• **TASK INSTRUCTIONS**: All lines from the one that has "Maxus Deliver9 2.0" onward to the end of the records below are to be returned exactly; pictures are to be skipped.

• **PROVIDED RECORDS**:

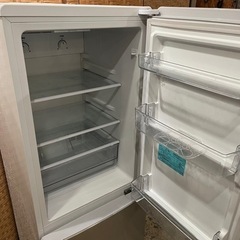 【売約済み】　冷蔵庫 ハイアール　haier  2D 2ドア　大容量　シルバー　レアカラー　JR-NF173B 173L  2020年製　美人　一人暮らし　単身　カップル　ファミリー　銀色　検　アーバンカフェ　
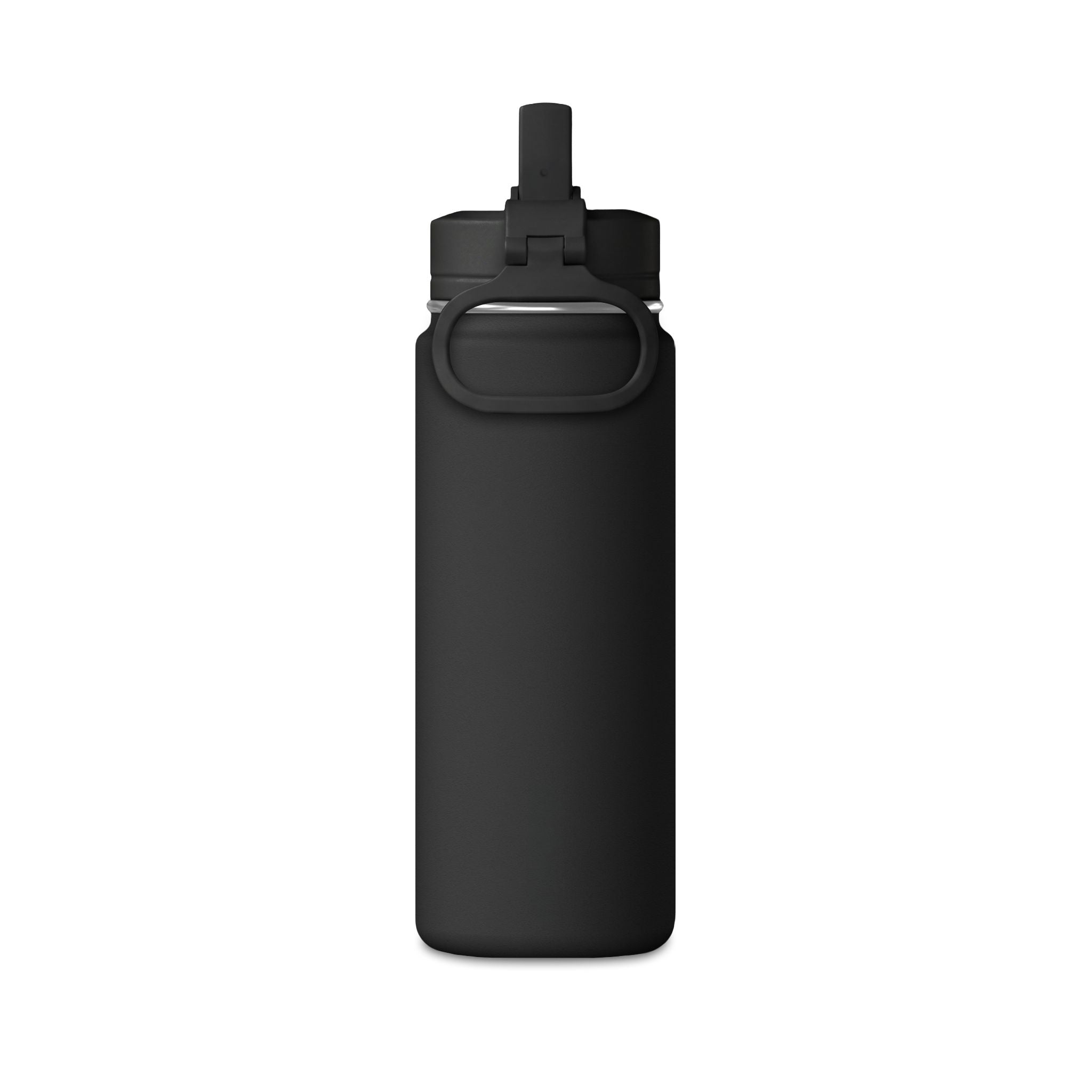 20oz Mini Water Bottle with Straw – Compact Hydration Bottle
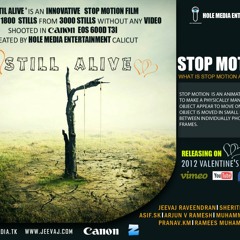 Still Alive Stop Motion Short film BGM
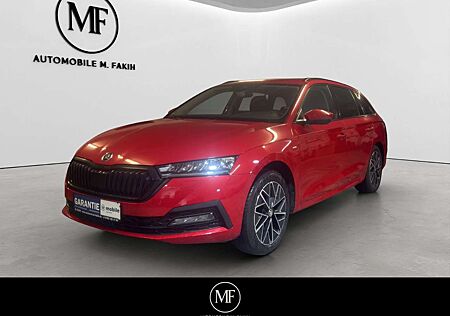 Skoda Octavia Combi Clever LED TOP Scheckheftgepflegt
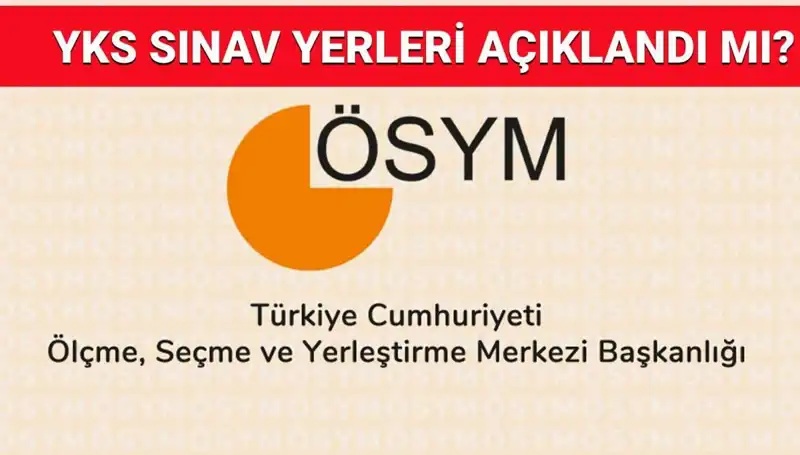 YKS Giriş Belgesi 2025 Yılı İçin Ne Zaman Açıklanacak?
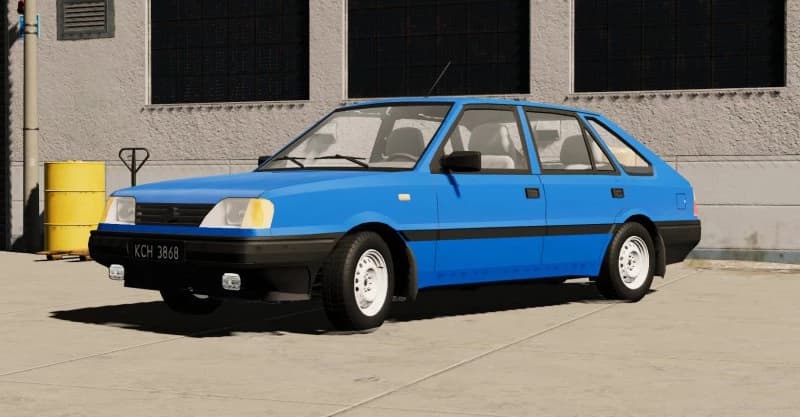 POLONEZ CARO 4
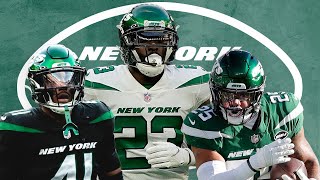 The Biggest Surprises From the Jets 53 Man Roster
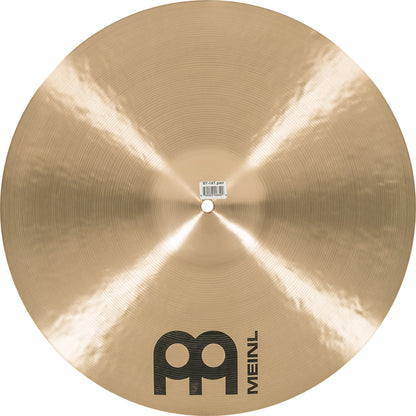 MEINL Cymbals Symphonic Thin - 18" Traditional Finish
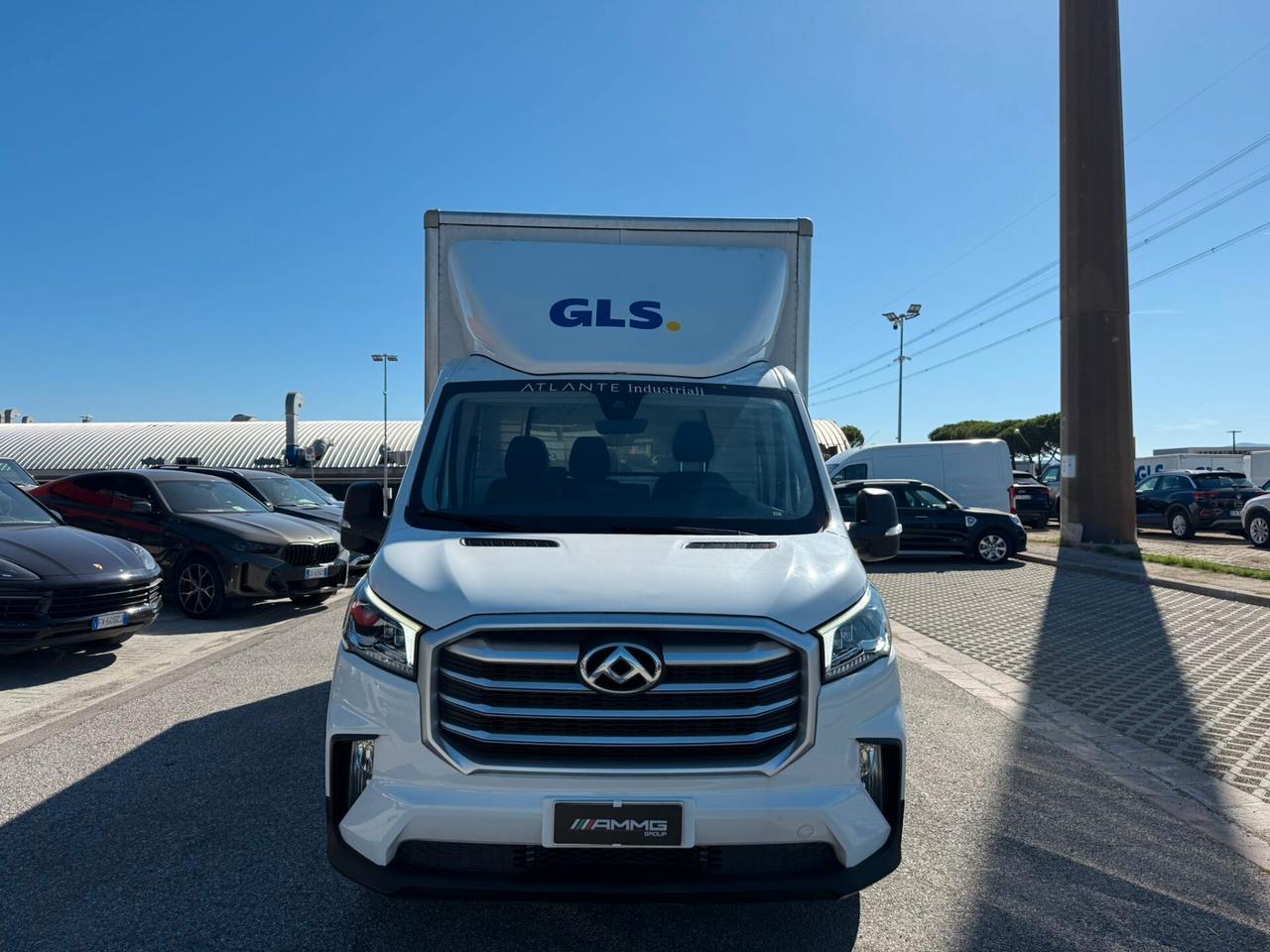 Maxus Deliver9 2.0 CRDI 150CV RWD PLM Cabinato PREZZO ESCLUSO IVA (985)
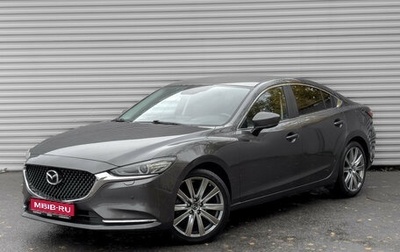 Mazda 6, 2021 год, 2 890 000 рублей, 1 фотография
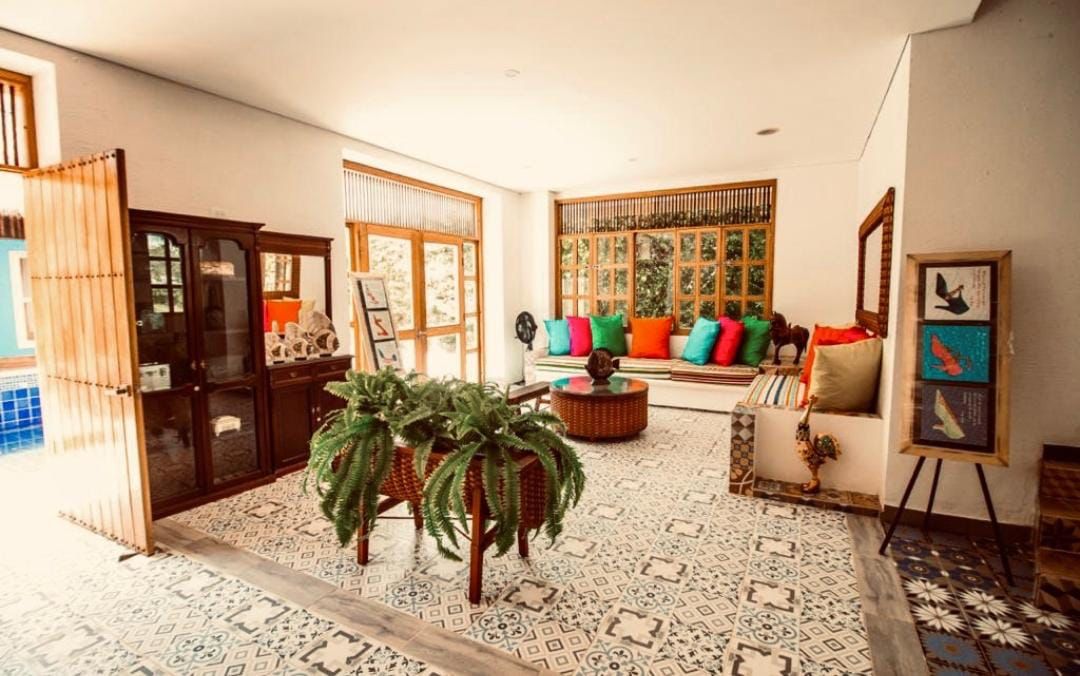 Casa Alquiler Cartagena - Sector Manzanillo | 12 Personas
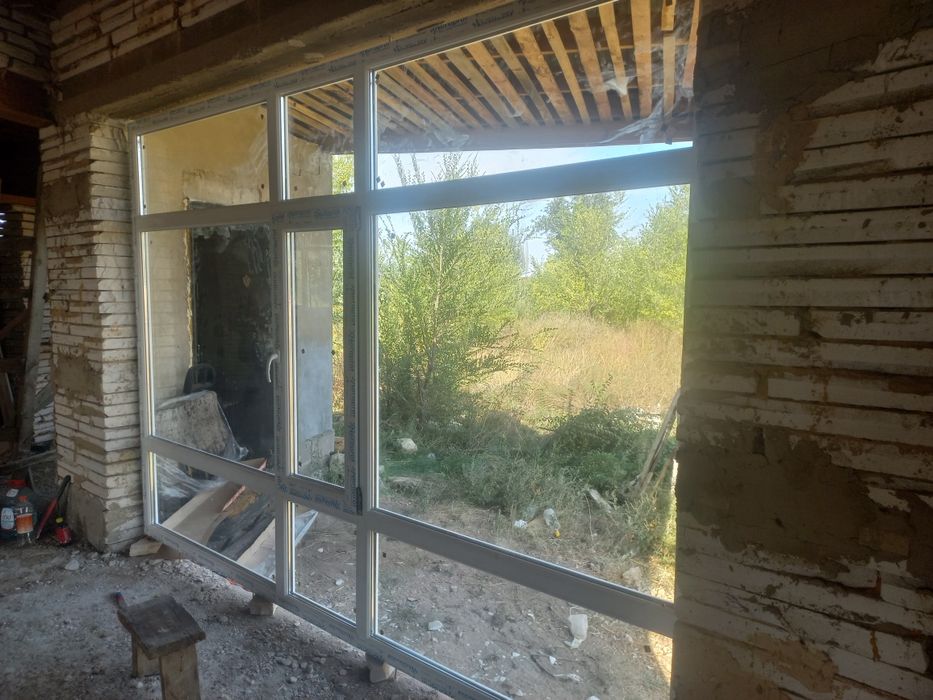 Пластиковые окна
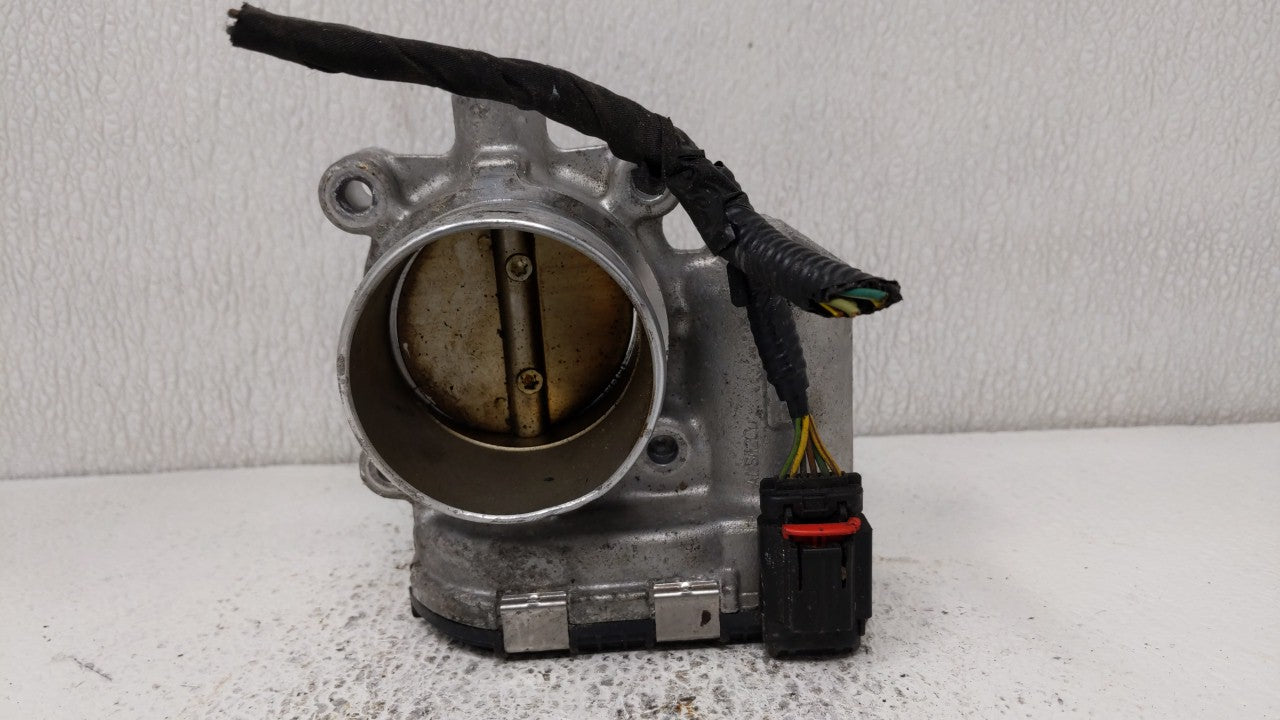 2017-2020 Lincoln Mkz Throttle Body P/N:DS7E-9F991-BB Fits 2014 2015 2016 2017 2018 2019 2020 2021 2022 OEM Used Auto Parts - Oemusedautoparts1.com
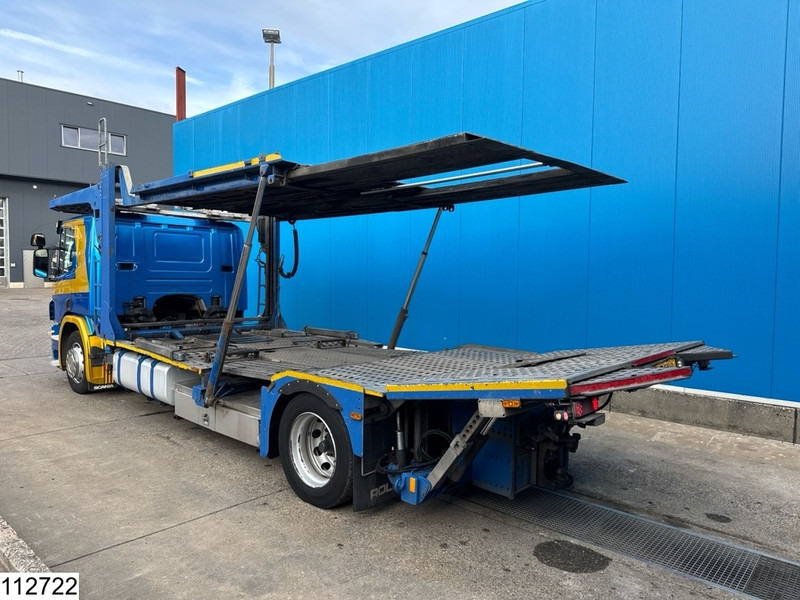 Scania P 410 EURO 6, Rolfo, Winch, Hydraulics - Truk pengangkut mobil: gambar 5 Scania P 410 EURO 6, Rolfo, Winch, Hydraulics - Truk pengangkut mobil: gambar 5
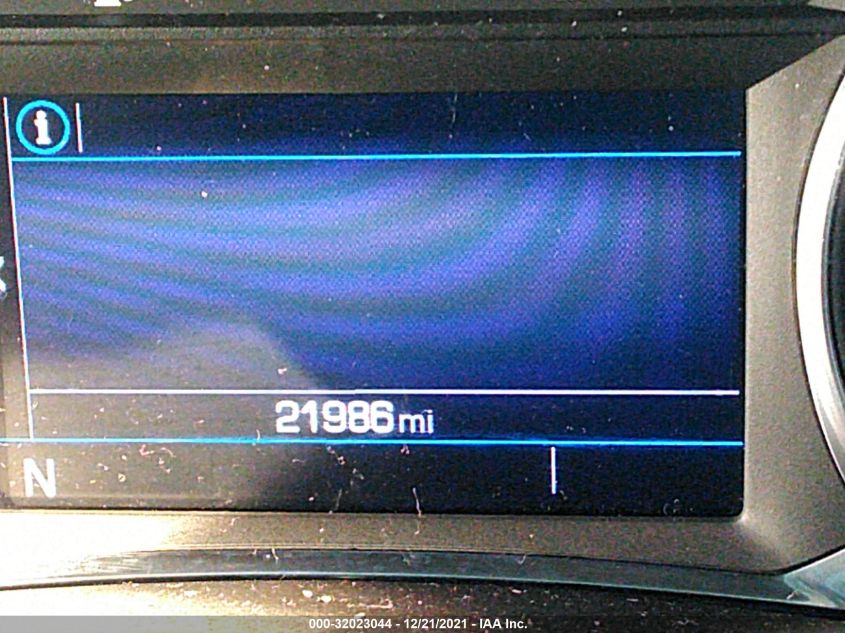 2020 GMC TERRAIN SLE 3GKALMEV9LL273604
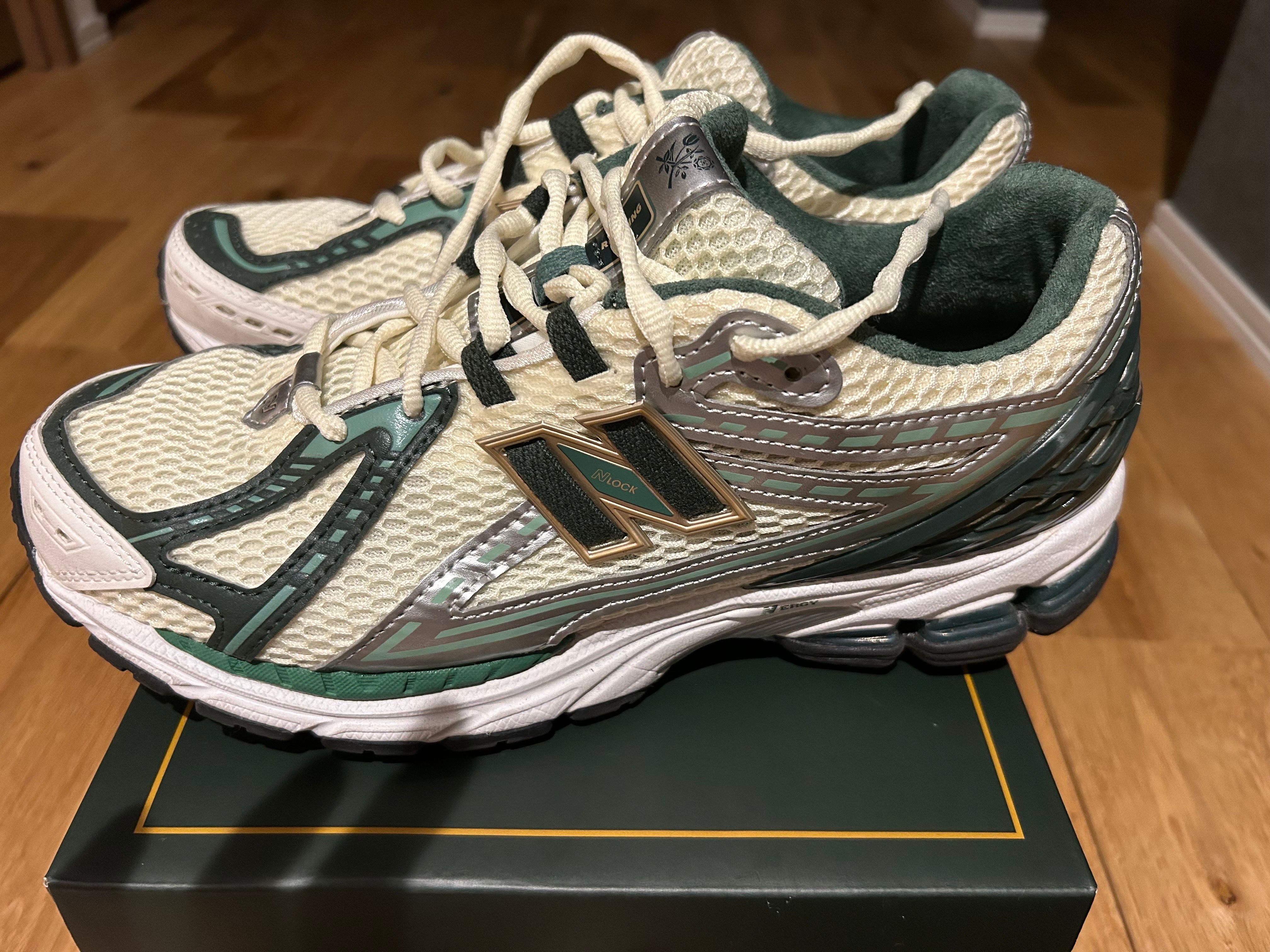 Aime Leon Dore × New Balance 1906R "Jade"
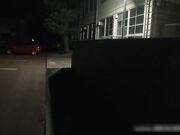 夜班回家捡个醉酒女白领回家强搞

• **EXERCISE RESULT**:
 Maxus Deliver9 2.0 CRDI 150CV RWD PLM Cabinato PREZZO ESCLUSO IVA (985)
 Mazda 6, 2021 год, 2 890 000 рублей, 1 фотография
 Casa Alquiler Cartagena - Sector Manzanillo | 12 Personas
 Пластиковые окна
 2017-2020 Lincoln Mkz Throttle Body P/N:DS7E-9F991-BB Fits 2014 2015 2016 2017 2018 2019 2020 2021 2022 OEM Used Auto Parts - Oemusedautoparts1.com
 Scania P 410 EURO 6, Rolfo, Winch, Hydraulics - Truk pengangkut mobil: gambar 5 Scania P 410 EURO 6, Rolfo, Winch, Hydraulics - Truk pengangkut mobil: gambar 5
 2020 GMC TERRAIN SLE 3GKALMEV9LL273604
 Aime Leon Dore × New Balance 1906R "Jade"
 夜班回家捡个醉酒女白领回家强搞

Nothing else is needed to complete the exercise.